Bandit Data-Driven Optimization
This work addresses iterative optimization problems for non-profit and public sector applications, offering a novel framework but with incremental improvements over existing methods.
The paper tackles the challenge of applying machine learning in non-profit and public sectors by addressing pain points like small data and unmodeled objectives, introducing bandit data-driven optimization with the PROOF algorithm, which achieves no-regret and superior performance in simulations and a food rescue case study.
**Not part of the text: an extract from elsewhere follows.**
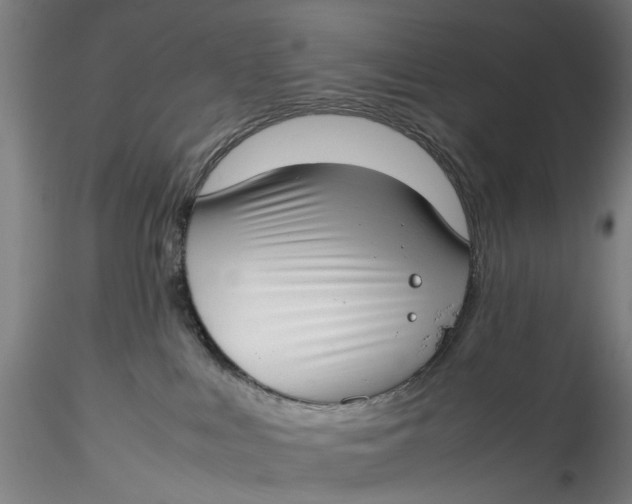 X0000115540043200911271420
Applications of machine learning in the non-profit and public sectors often feature an iterative workflow of data acquisition, prediction, and optimization of interventions. There are four major pain points that a machine learning pipeline must overcome in order to be actually useful in these settings: small data, data collected only under the default intervention, unmodeled objectives due to communication gap, and unforeseen consequences of the intervention. In this paper, we introduce bandit data-driven optimization, the first iterative prediction-prescription framework to address these pain points. Bandit data-driven optimization combines the advantages of online bandit learning and offline predictive analytics in an integrated framework. We propose PROOF, a novel algorithm for this framework and formally prove that it has no-regret. Using numerical simulations, we show that PROOF achieves superior performance than existing baseline. We also apply PROOF in a detailed case study of food rescue volunteer recommendation, and show that PROOF as a framework works well with the intricacies of ML models in real-world AI for non-profit and public sector applications.